**Exercise instructions**: For the listing that follows, give again exactly the lines from the one with "Bild 3 på Audi A4" to the one with "2014 Lexus Is 350 VIN:JTHBE1D24E5013595 - 5", including both.

**Given records**:
= Beginning of Section =

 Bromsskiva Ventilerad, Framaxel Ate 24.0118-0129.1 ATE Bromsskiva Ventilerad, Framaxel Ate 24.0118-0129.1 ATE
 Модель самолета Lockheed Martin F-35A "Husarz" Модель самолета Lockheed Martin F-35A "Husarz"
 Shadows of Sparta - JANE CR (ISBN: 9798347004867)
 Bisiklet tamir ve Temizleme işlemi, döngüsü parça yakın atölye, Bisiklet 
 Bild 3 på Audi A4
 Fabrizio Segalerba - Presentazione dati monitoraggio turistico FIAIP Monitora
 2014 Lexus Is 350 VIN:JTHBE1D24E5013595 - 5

= End of Section =
= Beginning of Section =

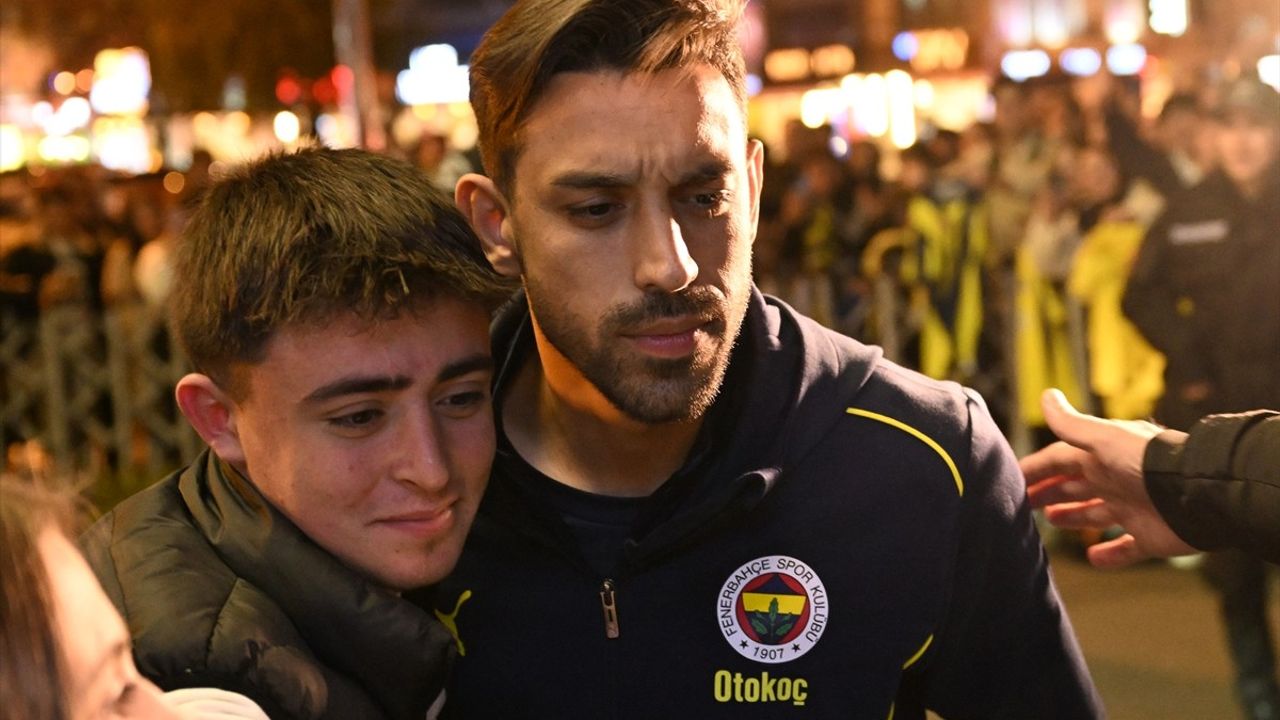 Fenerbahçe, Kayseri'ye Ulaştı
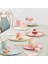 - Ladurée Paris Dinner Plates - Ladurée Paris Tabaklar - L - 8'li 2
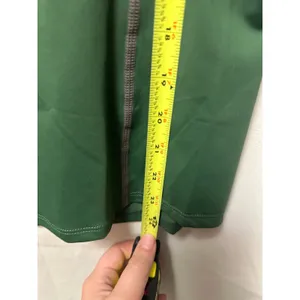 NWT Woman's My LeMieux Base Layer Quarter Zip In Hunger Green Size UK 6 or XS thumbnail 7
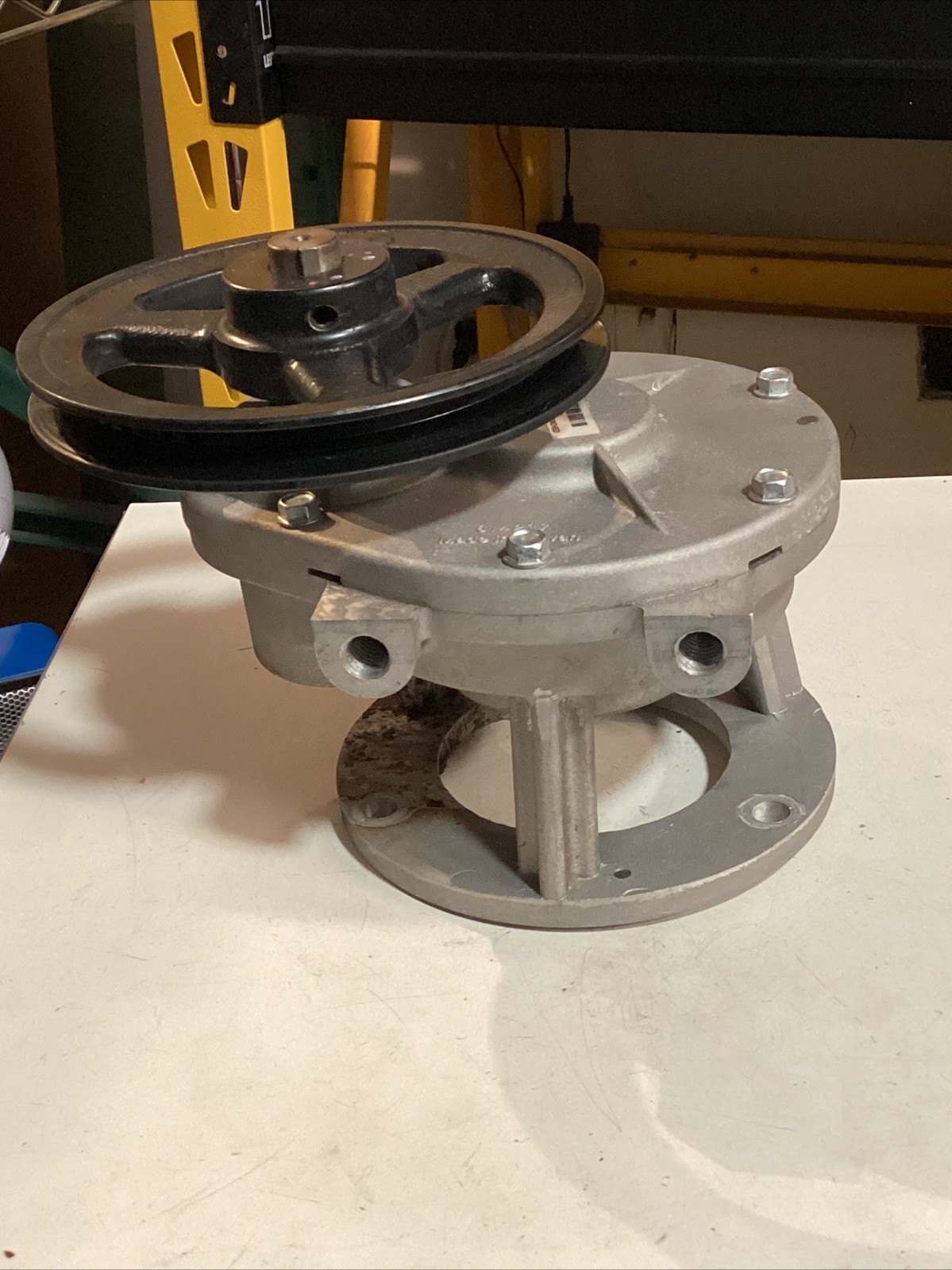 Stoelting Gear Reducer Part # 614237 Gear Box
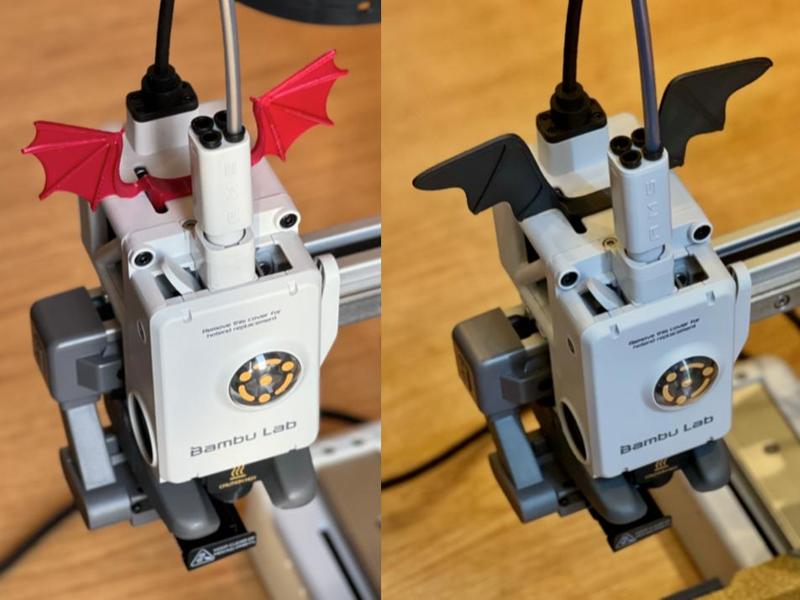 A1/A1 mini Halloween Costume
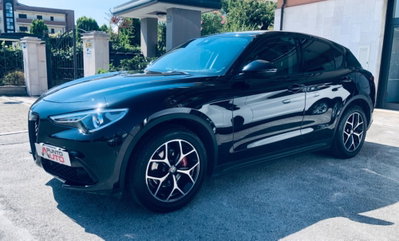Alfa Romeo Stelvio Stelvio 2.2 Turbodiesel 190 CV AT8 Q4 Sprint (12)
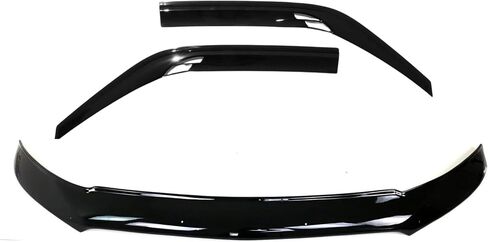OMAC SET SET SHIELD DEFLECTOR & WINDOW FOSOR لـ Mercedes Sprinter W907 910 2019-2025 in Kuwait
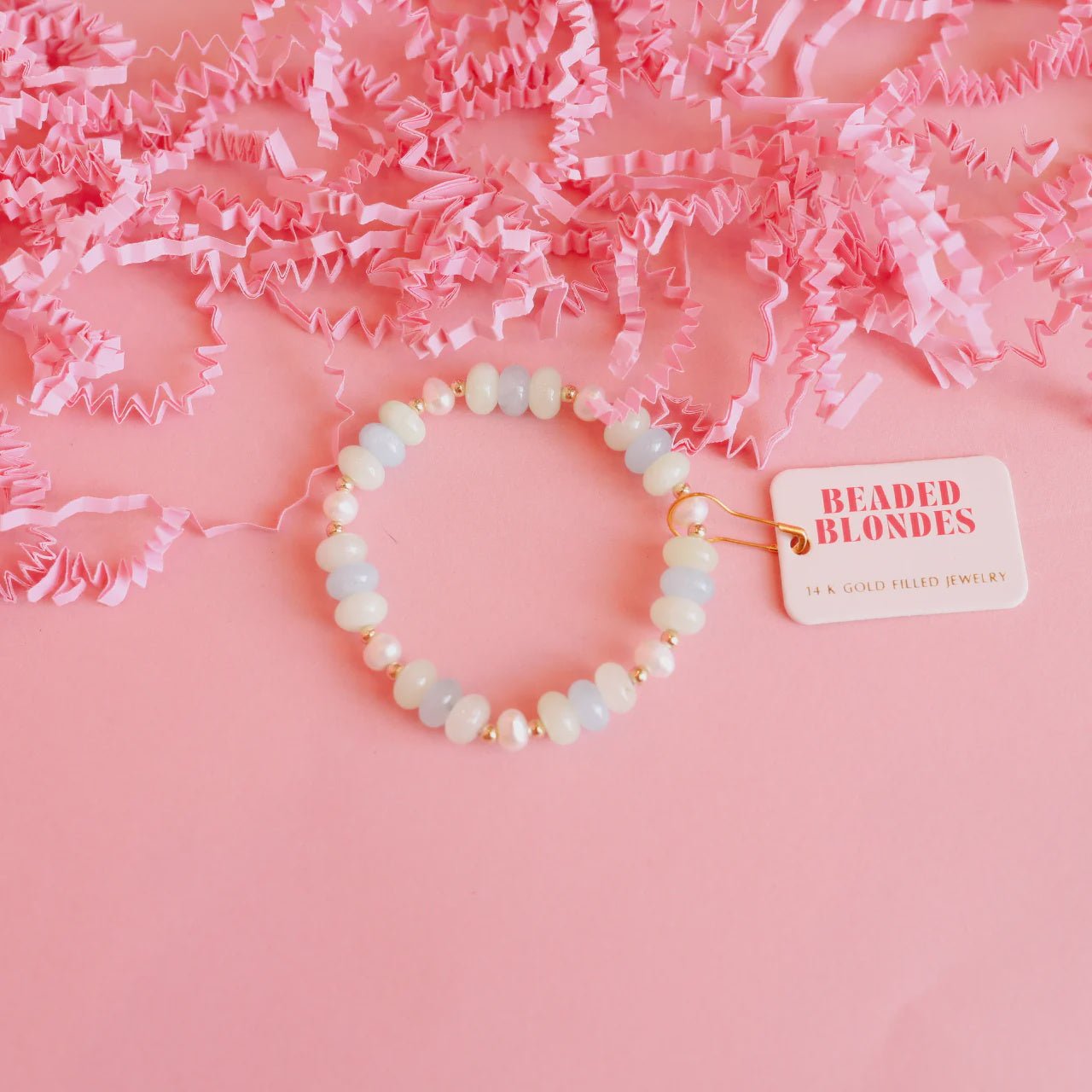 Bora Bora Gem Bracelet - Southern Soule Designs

= End of Section =

**Solution below**:
 Bild 3 på Audi A4
 Fabrizio Segalerba - Presentazione dati monitoraggio turistico FIAIP Monitora
 2014 Lexus Is 350 VIN:JTHBE1D24E5013595 - 5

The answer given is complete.